El Salvador is in urgent need of intervention when it comes to education to ensure that the population overcomes a somewhat precarious lifestyle, where nutrition, shelter and security needs can’t be satisfied by the greater part of the population.

Many people pose the question: “What benefits will an investment in education bring?”  The answer to this question is pretty straight forward.  An investment in education would make sure young people and adults (as many adults wish to complete their studies, regardless of age) are better prepared, allowing them better employment and higher salaries.  2010 statistics from MINEC (the Salvadoran Ministry of Economy) and DIGESTYC (Salvadoran Office Census Data and Statistics) show that people with four or fewer years of education earned an average salary of $184 monthly, compared to people with twelve or more years of education who earned an average salary of  $631 monthly. Better access to education guarantees a greater possibility of obtaining a more economically sound lifestyle.
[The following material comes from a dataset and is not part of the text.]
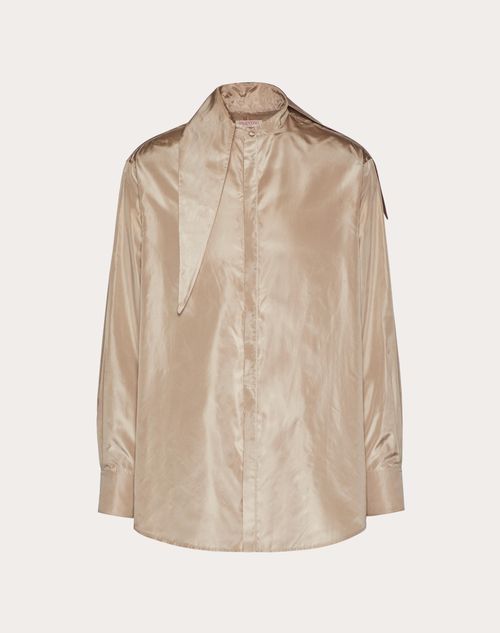 Valentino - Washed Taffeta Shirt With Large Pointed Collar - Beige - Man - Man Sale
Wen Jiabao,  China’s Premier, made ten recommendations at the beginning of 2012, advising countries with similar characteristics to Guatemala how to overcome certain weak points to emerge with a better quality of life for their inhabitants and a better national economies.  Among these recommendations was to quintuple the current investment in education in order to specialize more of the population in technical areas, which would in effect better the country’s economy.

El Salvador is a small country with a high illiteracy rate.  Out of the total population of 5,188,220, about 981,134 (almost 1/5) are illiterate. Illiteracy diminishes the chance of obtaining a decent income. Out of the almost 1/5 of the population that suffer from illiteracy, 543,822 (more than half) are from rural areas  (Population census, El Salvador, 2007). Rural areas are the most vulnerable and most affected by a low investment in education.
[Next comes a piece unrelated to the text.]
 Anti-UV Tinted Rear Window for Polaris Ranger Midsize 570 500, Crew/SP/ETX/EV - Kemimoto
Another fact indicating the lack of educational accessibility in El Salvador is the number of inhabitants who have never benefitted from ANY formal schooling in El Salvador. 920,922 inhabitants have never attended any formal school, out of which 494,818 live in rural areas. Sadly, this segment of the population lacks any chance of a decent salary, due to its lack of an adequate “education”.
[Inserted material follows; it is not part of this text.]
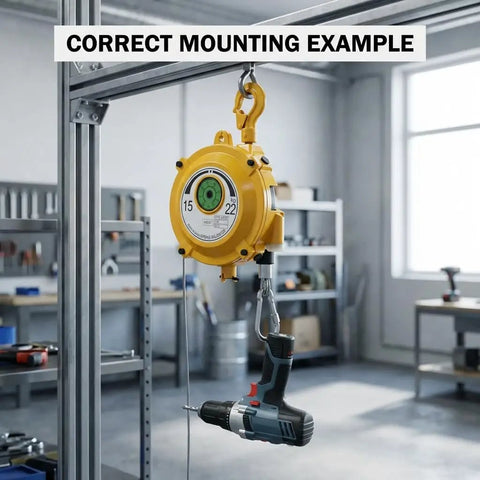 Spring Balancer 33-49 Lbs Tool Balancer with Adjustable Retractable Holder mounting a power drill in industrial workshop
The rural sector requires an urgent increase in education related investment.  For many rural students, the closest public schools are hours by foot, thus disincentivizing these students. The teachers within these schools often only have a very basic education themselves. The schools are often in environments prone to violence, where they share the community with gang members and common delinquents.  School materials are out of date, and more often than not, add no real value to the educational experience.  Areas of study such as English or computers are unheard of;  the facilities are often damaged and cause injury to the students when attending classes.

An Investment in education could result in reversing the misconception that an excellent and secure education is nothing but a utopia, but would make it a reality. This would help guarantee that everyone could meet their full potential by having the right to an education.